Taking the first steps to unwind its strange 2005 marriage, EBay said today that it plans to spin off Internet phone service Skype through an initial public offering in 2010. The news comes a day after the San Jose online auction company said it would sell Internet search company StumbleUpon back to its founders.
Both announcements signal that EBay is making good on its promise to investors that it will focus on its online marketplace, rather than on the assorted businesses it has acquired over the last three years.
‘Separating Skype will allow EBay to focus entirely on our two core growth engines -- e-commerce and online payments -- and deliver long-term value to our stockholders,’ EBay Chief Executive John Donahoe said in a release.

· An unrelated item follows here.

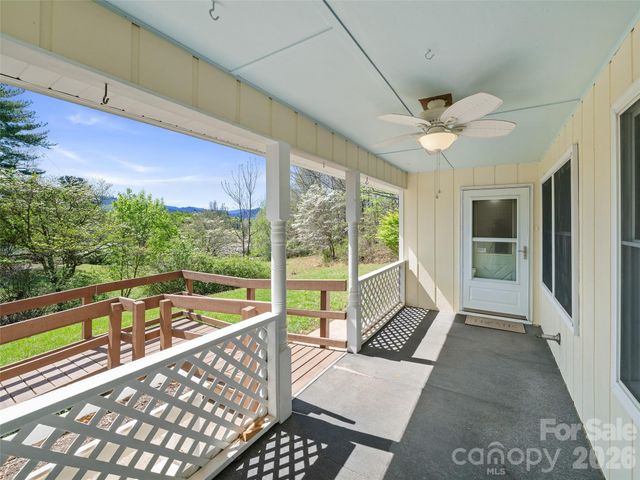 261 Shady Oak Road, Burnsville, NC 28714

EBay bought Skype nearly four years ago with the idea that it could use voice over Internet protocol software to enable buyers and sellers to communicate (think haggling over prices) while conducting transactions. But some observers say that Skype has been a distraction for management, and ...
... that buyers and sellers don’t want to talk to one another online. ‘EBay has no synergies with Skype,’ said Jeffrey Lindsay, a senior analyst at Sanford Bernstein.
EBay needs to focus on its core services as it loses ground to Amazon.com, Lindsay said. That’s part of the reason EBay’s stock is down 54% over the last year, compared with 29% for the Nasdaq composite index.
Senior executives have admitted recently that EBay and Skype don’t fit well together, and they indicated through several write-downs of the value of the deal that EBay realizes it overpaid. But until today EBay hadn’t announced any formal plans to separate them. News emerged this weekend that Skype’s founders, Scandinavian entrepreneurs Niklas Zennstrom and Janus Friis, had tried to buy back the business but could not raise enough money.
The IPO is Plan B, Lindsay said. Other analysts speculate that the announcement of a public offering has another motive: It’s acting as a for-sale sign for Skype, hoping to get some Internet giants in on the bidding.
‘Otherwise, why announce an IPO now for something that’s a year away?’ said James Mitchell, an analyst at Goldman Sachs.